Fly In Shoes, Album Review >>
Genticorum: Nagez Rameurs
by: John Davy
The easiest flowing folk music I've heard in some while comes from this Quebecois trio. Genticorum have three previous albums to their name and have clearly established a wide renown for their recorded music and for their performances. Led by fiddler and foot-stomper Pascal Gemme, the three of them weave elegant and graceful music. Pascal's playing is a constant delight, simultaneously relaxed and precise. He knows exactly where he's going but there's always a bit of room for a flourish here and there, as the mood takes. The music seems to flow so easily and naturally from this band that they have no notion of being anxious about "authenticity".

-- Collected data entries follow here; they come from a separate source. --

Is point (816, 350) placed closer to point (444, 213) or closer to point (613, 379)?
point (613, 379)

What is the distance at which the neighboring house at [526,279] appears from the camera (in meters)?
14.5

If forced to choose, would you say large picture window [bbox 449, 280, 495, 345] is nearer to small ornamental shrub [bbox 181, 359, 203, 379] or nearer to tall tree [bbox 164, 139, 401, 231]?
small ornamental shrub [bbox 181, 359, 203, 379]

Alongside Pascal Gemme there is Yann Falquet on guitar and Alexandre de Grosbois-Garand who predominantly plays his flute but also adds fretless bass and a second fiddle to the sound. They all take a hand in the vocals and, with several call and response type songs amongst the material here, there always seems to be plenty going on. Their voices have that deep nasal quality usually associated with folk music but whereas most English language bands of this ilk, including Canadian ones, would seek to overwhelm you with their chaps-together manliness (which, of course, can be quite wonderful in its way), these guys seem to have a much more gentlemanly approach. With their voices and with their instruments they dance around each other in elegant interplay so that each of them has space to come through as an individual.

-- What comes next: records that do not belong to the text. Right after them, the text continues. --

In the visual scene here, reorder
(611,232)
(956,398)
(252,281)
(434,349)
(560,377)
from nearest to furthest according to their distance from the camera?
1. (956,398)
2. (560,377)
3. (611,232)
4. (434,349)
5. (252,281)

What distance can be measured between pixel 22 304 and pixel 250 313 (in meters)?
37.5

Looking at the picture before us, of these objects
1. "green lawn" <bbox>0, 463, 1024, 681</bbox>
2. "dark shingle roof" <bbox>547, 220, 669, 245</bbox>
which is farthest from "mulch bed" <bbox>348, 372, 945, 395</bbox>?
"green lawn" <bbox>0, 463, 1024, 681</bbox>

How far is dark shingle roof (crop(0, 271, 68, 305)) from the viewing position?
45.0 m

Looking to the French Canadian song tradition that the three of them have soaked up, this collection of tunes and songs is built around the music of the voyageurs and loggers, the people who worked the long and wild rivers of Canada in pursuit of exploration, the fur trade and the timber trade. The modern wealth of Canada was built on their almost unimaginable hardships and risk-taking, so a celebration of their efforts is a fine subject for their internet-age descendants. The title song could translate as something like "Row, boys!" - it's an exhortation to the paddlers of a long boat - but the French song is actually based on an Irish poem, "A Canadian Boat Song", written by Thomas Moore some two centuries ago. They delve widely for their material, do Genticorum, as well as writing plenty of new tunes themselves, and in making this album they've invited along quite a few friends from the Canadian folk music community who all seem to fit in seamlessly with the Genticorum sound. You'll rarely find music making that is so straightforward in intent and execution as the music these guys produce, and so uplifting in its quiet joy.